What are your post-COVID office plans??
We are a remote-first company but we will open a small office in London so the team can meet for workshops, group work, and socials of course.
What was the funding process like?
The funding process is always very time-consuming, so it shifted our focus away from the product. But we can’t wait to get back to developing a product our users love.
What are the biggest challenges that you faced while raising capital?
The main challenge at this stage for us was to find the perfect partners with experience in B2B SaaS but also with a passion for the remote space.
What factors about your business led your investors to write the check?

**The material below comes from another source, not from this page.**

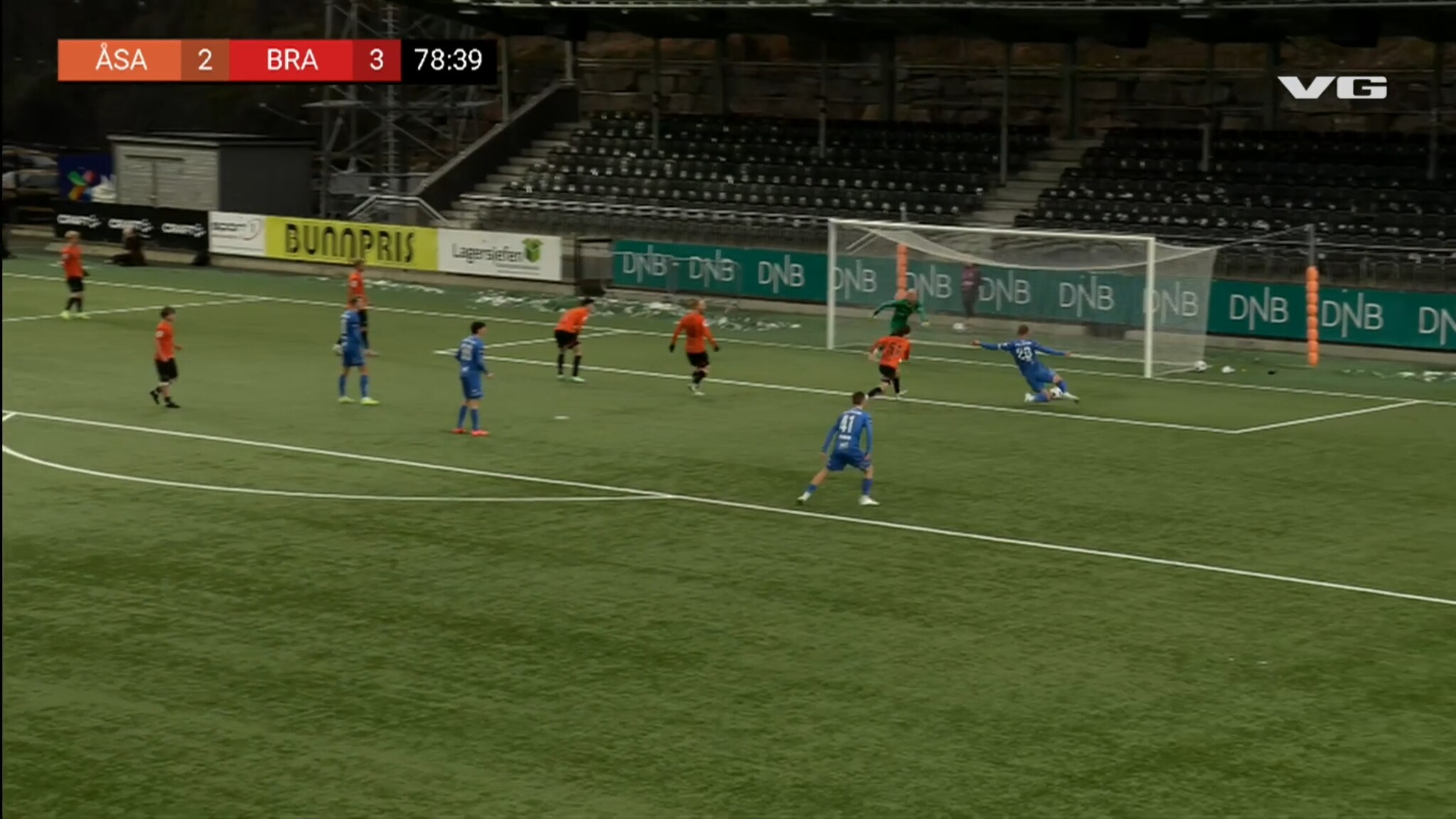 Brann best i målrikt lokaloppgjør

Team, market, product, traction in that order. Like many early-stage companies, what usually matters most for seed investors, is the team. That’s why we made sure to have the right founding team with experience building products for millions of users, and the right advisors by our side. This helped us build a product our users love and use every day.
What are the milestones you plan to achieve in the next six months?
In the next six months, in addition to new activities, we are planning to integrate our solution within team’s workplaces (Slack, Teams, Zoom, etc…). The goal is to ensure we provide a smooth experience for our users so that they can connect with their teammates seamlessly (and asynchronously!).
What advice can you offer companies in London that do not have a fresh injection of capital in the bank?
Fundraising isn’t a goal by itself, it’s only one way to scale your company. Many successful companies never raised a single dollar and bootstrapped their business to millions in ARR. In our example, fundraising made sense but not from the start. We actually bootstrapped our activity before starting to look for investment. Even if this approach took a bit longer, it enabled us to focus on the product development, reiterating constantly, and proving further traction. This was critical in the success of our fundraising.
Where do you see the company going now over the near term?
In the near term, we want to become the go-to app for the social life of distributed teams. The objective is to transform remote relationships at work. We strongly believe that it’s not because you are physically apart that you can’t be virtually together.
What’s your favourite outdoor activity in London?
That would have to be a Sunday morning bike ride in Richmond Park.